ACTIVITY - When you reach the line that contains "Your Guide to" in the data below, start reproducing lines exactly, and stop after the line that contains "Boty Gel 9 M model 22113123 - Asics".

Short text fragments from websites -

--- START ---

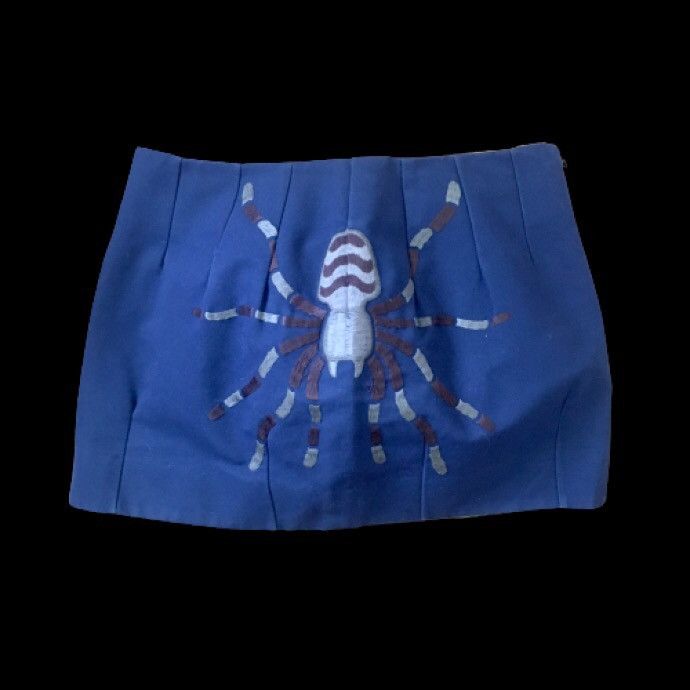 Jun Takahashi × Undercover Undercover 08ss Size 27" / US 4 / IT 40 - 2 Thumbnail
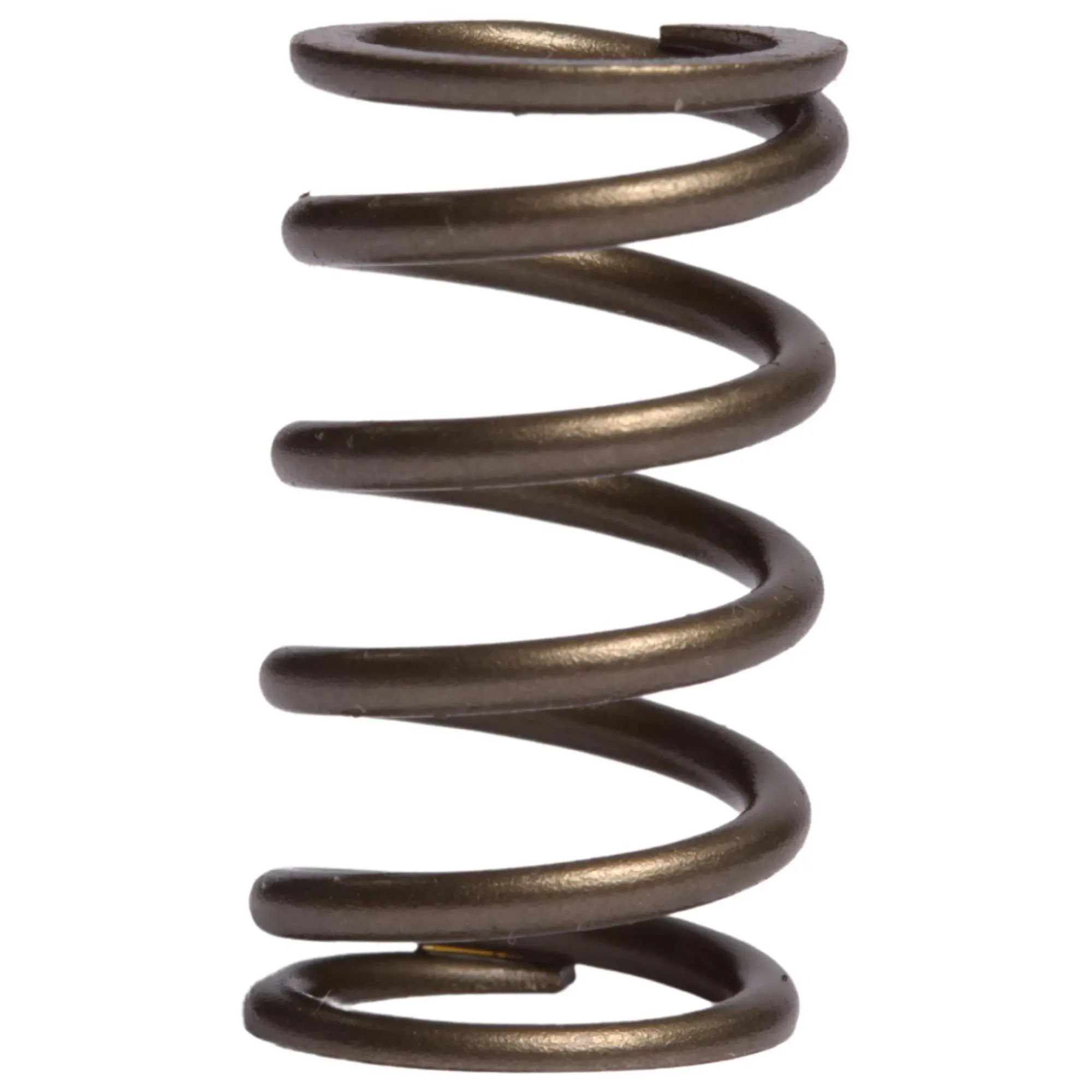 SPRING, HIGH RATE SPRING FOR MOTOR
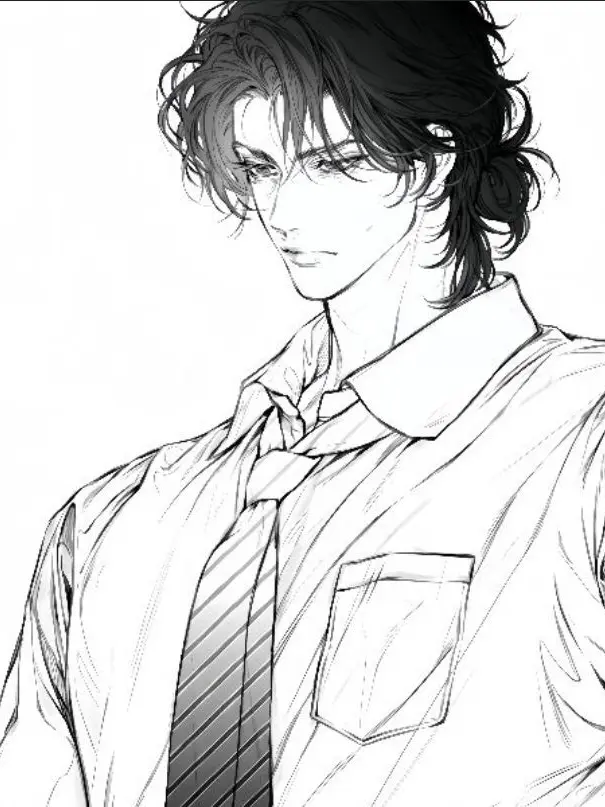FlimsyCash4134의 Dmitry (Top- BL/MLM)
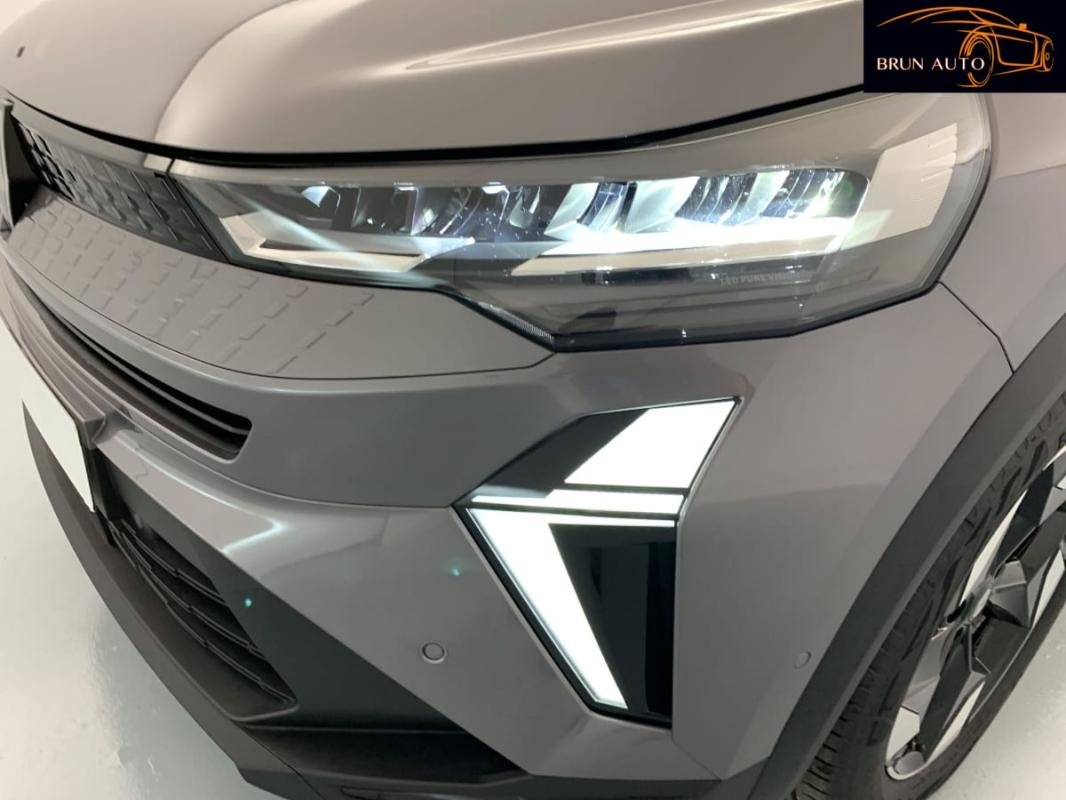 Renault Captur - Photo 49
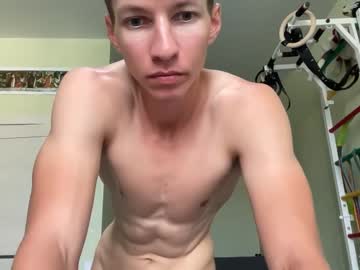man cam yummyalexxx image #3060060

--- END ---
--- START ---

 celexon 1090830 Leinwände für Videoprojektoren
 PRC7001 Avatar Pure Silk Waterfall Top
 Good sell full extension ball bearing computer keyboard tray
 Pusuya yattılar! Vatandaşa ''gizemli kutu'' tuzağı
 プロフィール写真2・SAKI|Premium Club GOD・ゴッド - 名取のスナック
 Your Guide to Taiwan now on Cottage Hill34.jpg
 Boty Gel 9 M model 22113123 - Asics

--- END ---

RESPONSE -
 Your Guide to Taiwan now on Cottage Hill34.jpg
 Boty Gel 9 M model 22113123 - Asics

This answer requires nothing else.